Assez vite, des techniques de description cellulaire avec microscopie électronique montrent qu'il s'agit pourtant bien d'un organisme bactérien.
Mais avec cette taille, raconte le Pr Gros, «on n'avait aucune assurance que c'était une unique cellule» – une bactérie étant un micro-organisme unicellulaire.
Une biologiste du même laboratoire révèle qu'elle appartient à la famille Thiomargarita, un genre bactérien déjà connu se servant de sulfures pour se développer.
Et des travaux menés à Paris par une chercheuse du CNRS suggèrent qu'on a affaire à «une seule et même cellule», explique le Pr Gros.
«Aussi grand que le mont Everest»
Convaincue de sa trouvaille, l'équipe tente une première publication dans une revue scientifique, qui avorte. «On nous a répondu: c'est intéressant mais il nous manque de l'information pour vous croire», la preuve n'étant pas assez robuste en termes d'image, se souvient le biologiste.
Entre en scène Jean-Marie Volland, jeune post-doctorant de l'Université des Antilles, qui deviendra le premier auteur de l'étude parue dans Science.
N'ayant pas obtenu de poste d'enseignant-chercheur en Guadeloupe, le trentenaire s'était envolé pour les Etats-Unis, où l'Université de Berkeley l'a recruté. En partant là-bas, il avait en tête d'étudier «l'incroyable bactérie» dont il était déjà familier.
«Ce serait comme rencontrer un humain aussi grand que le mont Everest», se disait-il. A l'automne 2018, il reçoit un premier colis expédié par le Pr Gros à l'institut de séquençage du génome du laboratoire national Lawrence Berkeley, géré par l'université.
Le challenge fut essentiellement technique: réussir à rendre une image de la bactérie dans son ensemble, grâce à des «analyses de microscopie en trois dimensions, à plus fort grossissement».
Au sein du laboratoire américain, le chercheur disposait de techniques de pointe.
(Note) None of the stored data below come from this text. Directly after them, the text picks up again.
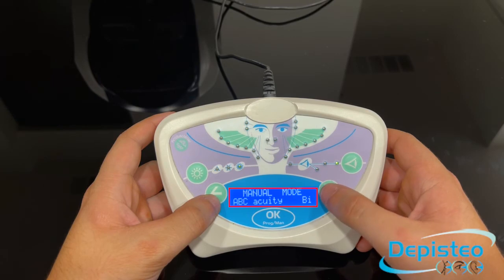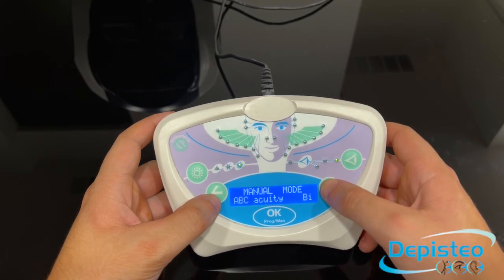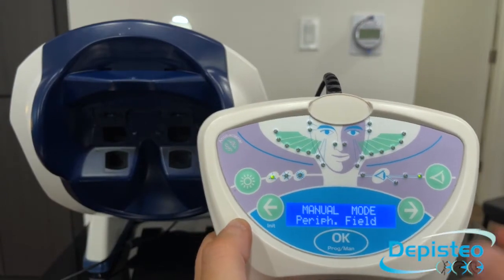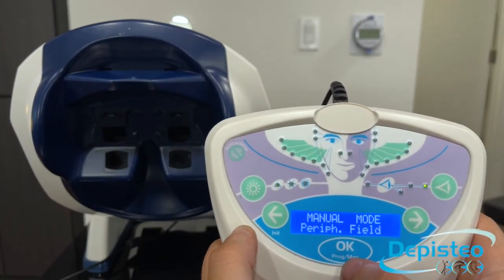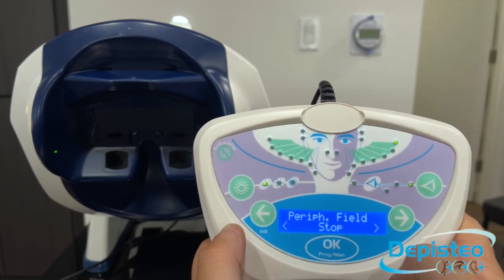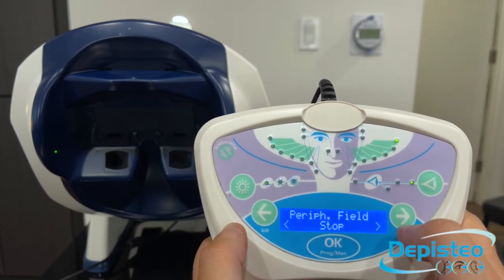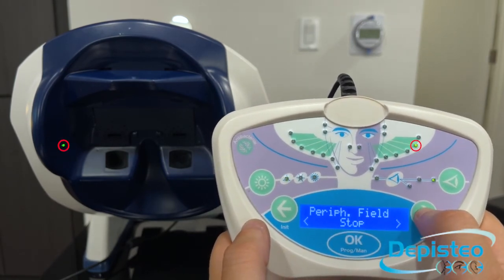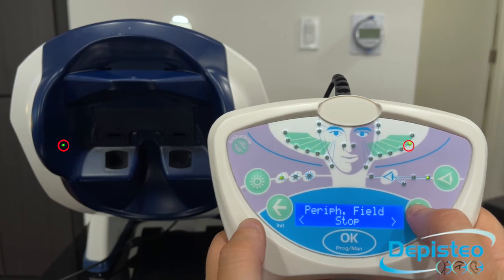You can cycle through tests using the left and right arrows. For the peripheral field test, you need to select that test and press on OK. The peripheral mask on the machine is going to come down and you can now start the test. The grid on top of your remote control is showing you what angle of peripheral vision you are currently testing.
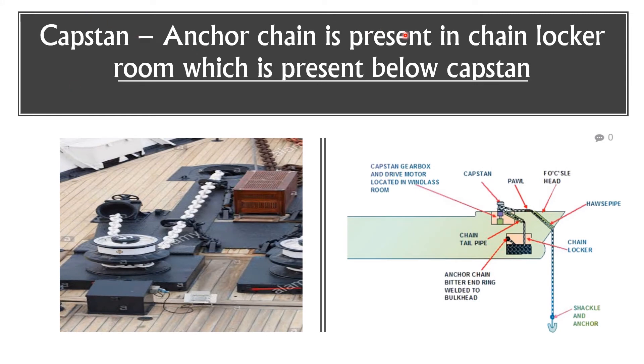The anchor chain is present in the chain locker room, which is located below the capstan. In this picture, this is the capstan, and below it is the chain locker which contains the anchor chain. The anchor chain winds around the capstan and attaches to the anchor. Once the capstan rotates, it helps the anchor to move up and down. This deck is known as the forecastle deck, which is present on the forward side and exposed to the weather.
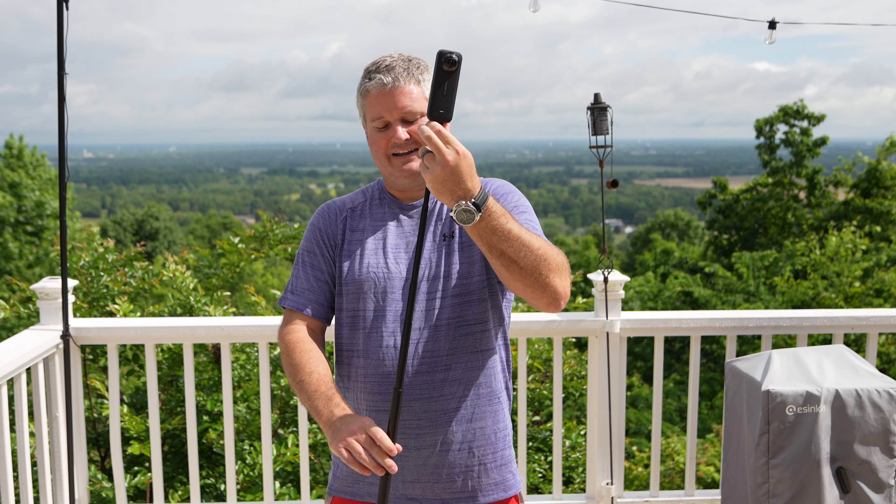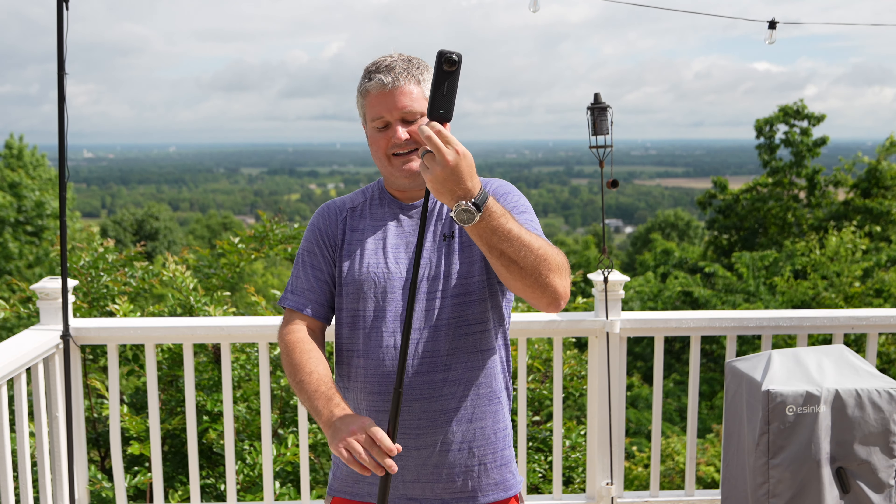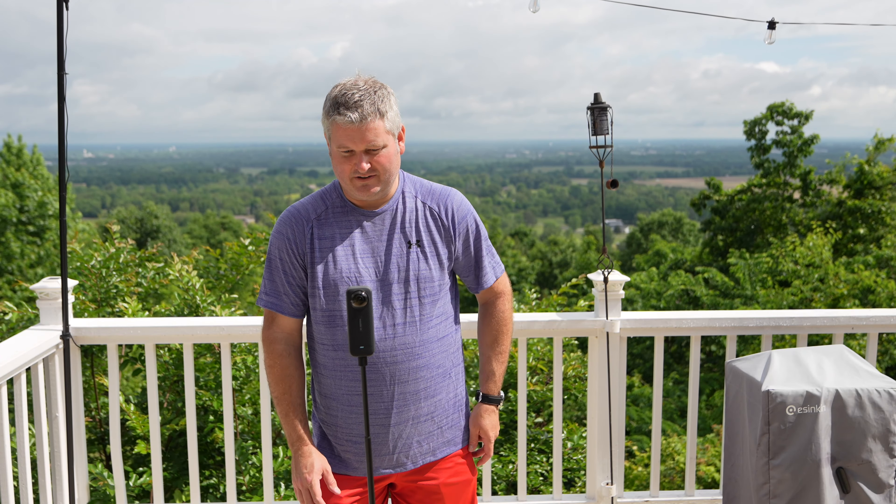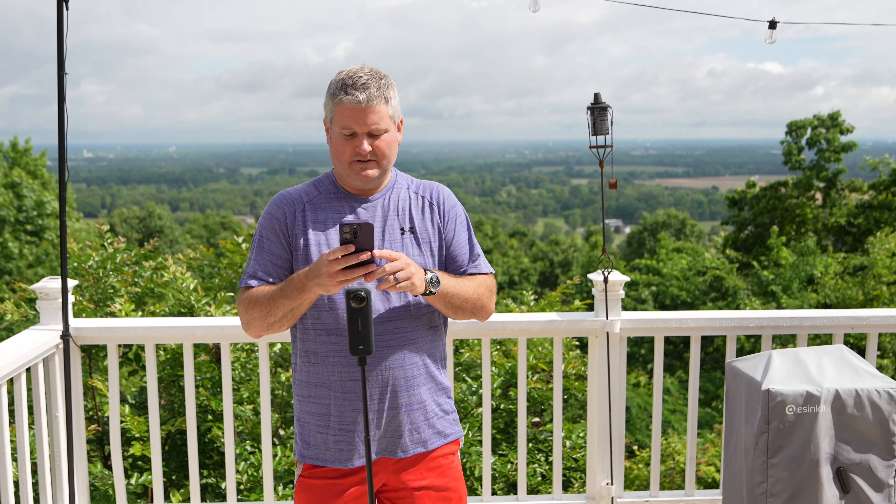So let's go ahead and power this on here. The audio you're hearing now while I'm speaking is my Sony Alpha camera, and you can find that mic and camera link within this video's description. I will flash up on the screen so you know when I'm filming with the Insta360 X4 and its audio.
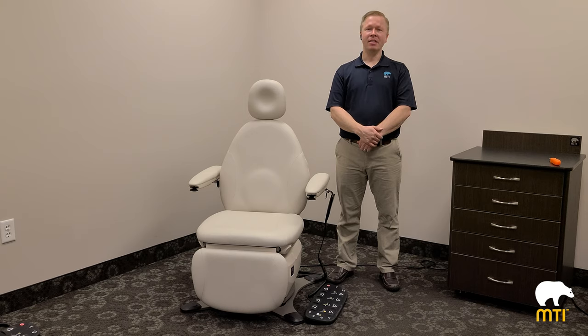Hi, I'm Mike Baker, and today I'm going to demonstrate how to program and operate your MTI Generation 2 chair.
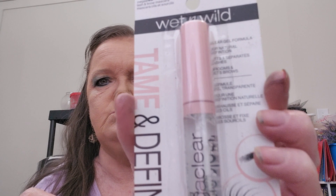Next I'm going to do the eyebrows, but first I have this Wet n Wild Tame and Define. I forgot to put it on my lashes but it tames and defines your eyelashes and your eyebrows. These things are hard to open but it's just clear - just brush your eyebrows up with it.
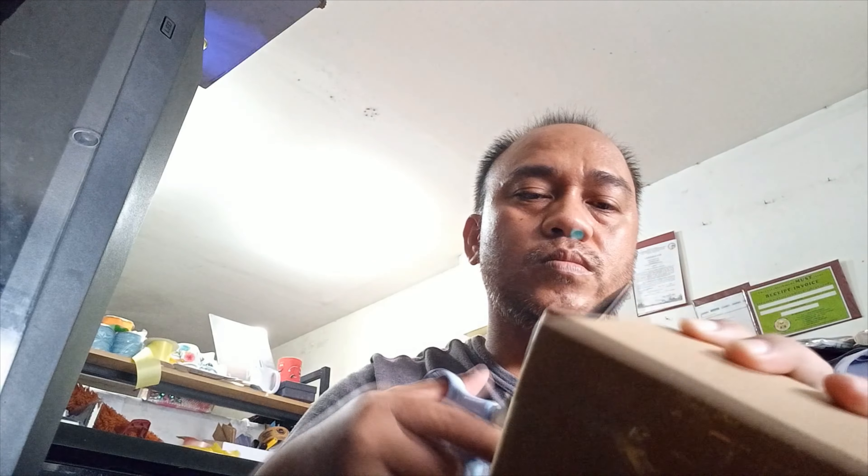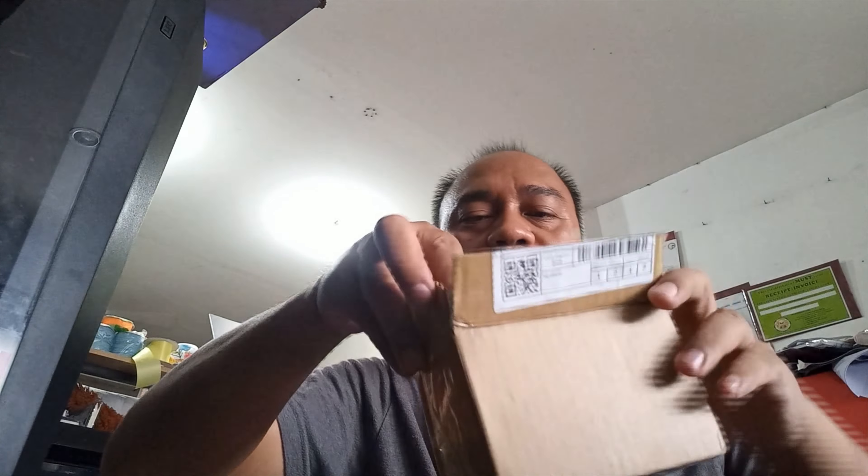Bubuksan natin guys now para makita natin kung ano laman. Okay. Cutter guys, cutter tayo. Nasaan mga cutter, babe? Oo, kalimbakan. Malay lang diba? Okay. Buksan na natin guys. Ayan. Pakita ko na sa iyo. Ito na guys. Ito na yun.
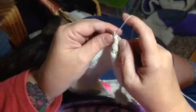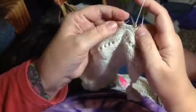Purling is really almost as fast as knitting for me this way. You just insert it, wrap and back. When you want to knit again, just switch it to the back. All I had to do differently was move my hand closer to the needle, and that works.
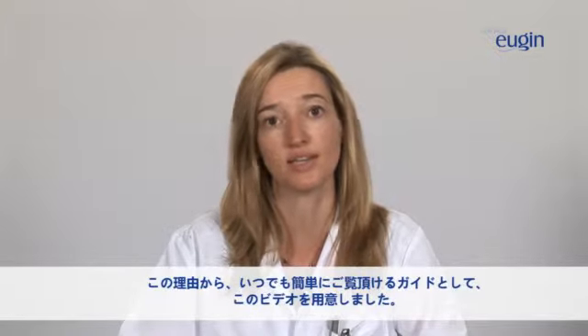Welcome. In Clinica Eugène, we know that each step is important, even if it looks easy. Therefore, we have created this video, a simple guide you will be able to watch at any moment.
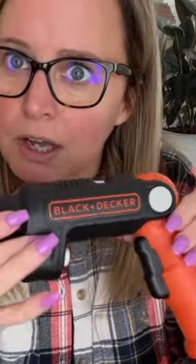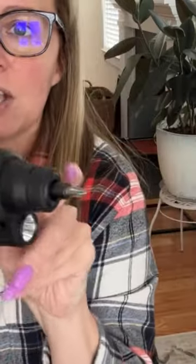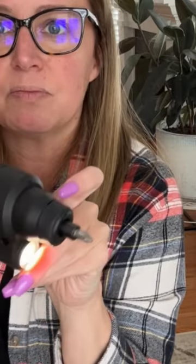I use this to put furniture together. It's got three positions — you simply push here to adjust. If you need to get into tight spots, or if you're working in a dark area, there's a flashlight. To change the bit, you simply...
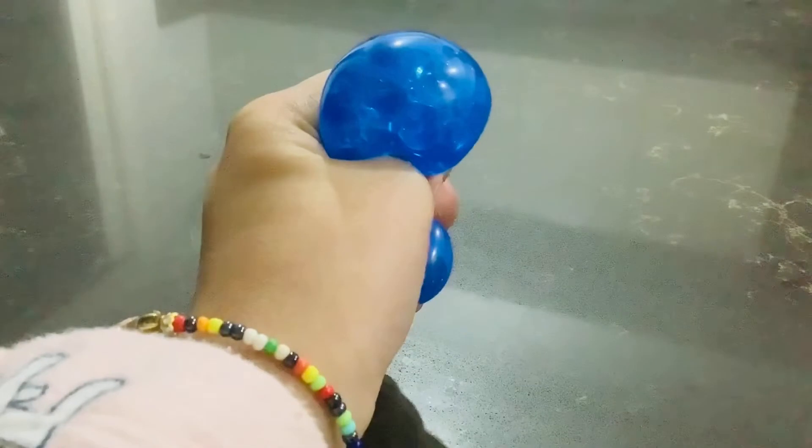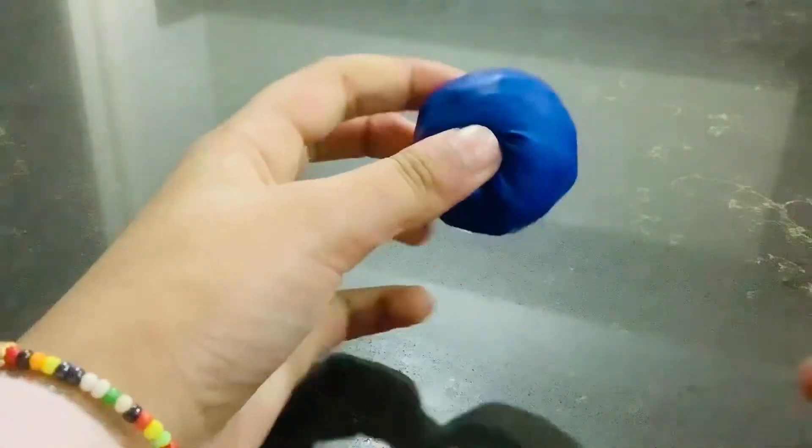All right y'all, the Orbeez are in — and look how satisfying this is.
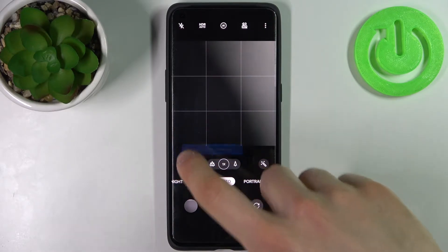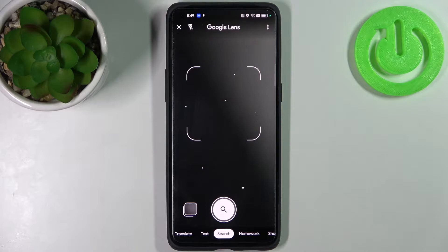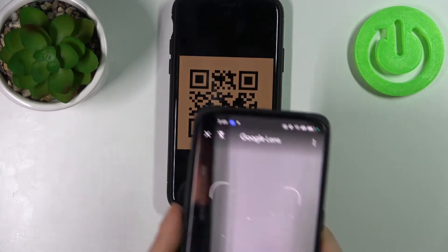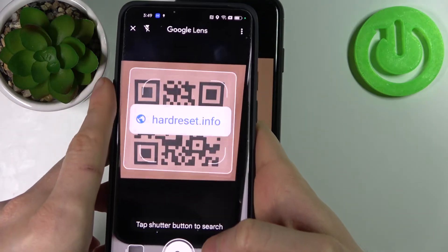First, let's open the camera, then tap on this icon here. Now let's try to scan this QR code, and as you can see, as soon as my camera spots it...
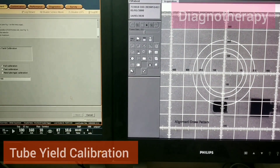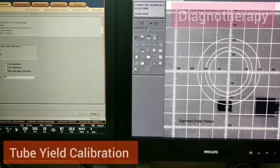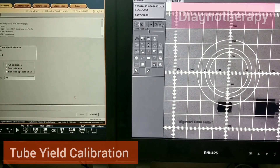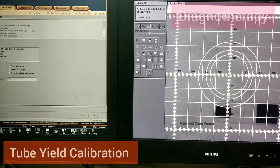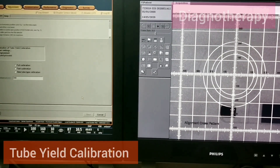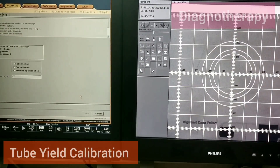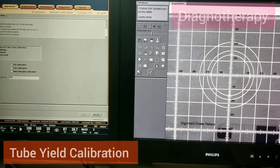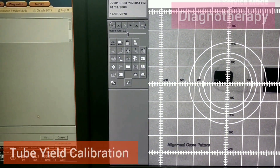Substances with higher atomic numbers appear in black. We continue doing the same in different quadrants, checking the tube yield calibration and shifting positions while checking the readings.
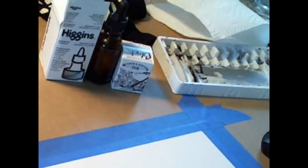Here, as you can — not see because it's a little blurry — we have my materials, which is just this Winsor & Newton black ink.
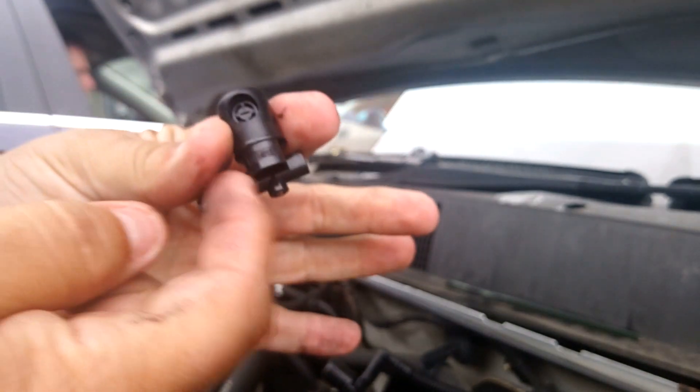Attach it on there like so, and then the last one — you attach it; note that one only has one end. Replace the old one, feed it through, push it back up, and you'll have your Insignia washer jets installed.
Sans oublier un important soutien financier et «l'accès à des chercheurs experts en séquençage de génome», reconnaît le scientifique, qualifiant cette collaboration américano-guadeloupéenne de «success story».
Ses images en 3D permettent enfin de prouver que tout le filament est bien une seule et même cellule.
Outre son «gigantisme», la bactérie se révèle aussi «plus complexe» que ses semblables: une découverte «totalement inattendue», qui «chamboule pas mal les connaissances en microbiologie», témoigne le chercheur.
«Alors qu'habituellement chez les bactéries, l'ADN flotte librement dans la cellule, chez celles-ci il est compacté dans de petites structures appelées pépins, sorte de petits sacs entourés d'une membrane, qui isolent l'ADN du reste de la cellule», développe Jean-Marie Volland.
Cette compartimentation de l'ADN – la molécule support de l'information génétique – est «une caractéristique des cellules humaines, animales, végétales... pas du tout des bactéries».
De futures recherches devront dire si ces caractéristiques sont propres à Thiomargarita magnifica ou si elles se retrouvent sur d'autres espèces de bactéries, selon Olivier Gros.
«Ce géant bactérien remet en question beaucoup de règles établies en microbiologie» et «nous offre l'opportunité d'observer et comprendre comment la complexité émerge chez une bactérie vivante», s'enthousiasme Jean-Marie Volland.